What you are asked to do: Retype, character for character, the line containing "269 - A Denby" along with each line after it through the end of the data, and only those.

··· Information provided ···

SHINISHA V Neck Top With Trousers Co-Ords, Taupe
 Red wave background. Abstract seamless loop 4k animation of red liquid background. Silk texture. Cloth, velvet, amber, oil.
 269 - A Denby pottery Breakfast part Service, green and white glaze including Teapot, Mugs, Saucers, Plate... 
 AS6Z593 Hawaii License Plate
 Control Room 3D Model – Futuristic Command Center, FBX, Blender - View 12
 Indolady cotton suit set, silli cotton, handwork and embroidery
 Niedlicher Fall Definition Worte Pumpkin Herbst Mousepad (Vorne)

···

Problem solution:
 269 - A Denby pottery Breakfast part Service, green and white glaze including Teapot, Mugs, Saucers, Plate... 
 AS6Z593 Hawaii License Plate
 Control Room 3D Model – Futuristic Command Center, FBX, Blender - View 12
 Indolady cotton suit set, silli cotton, handwork and embroidery
 Niedlicher Fall Definition Worte Pumpkin Herbst Mousepad (Vorne)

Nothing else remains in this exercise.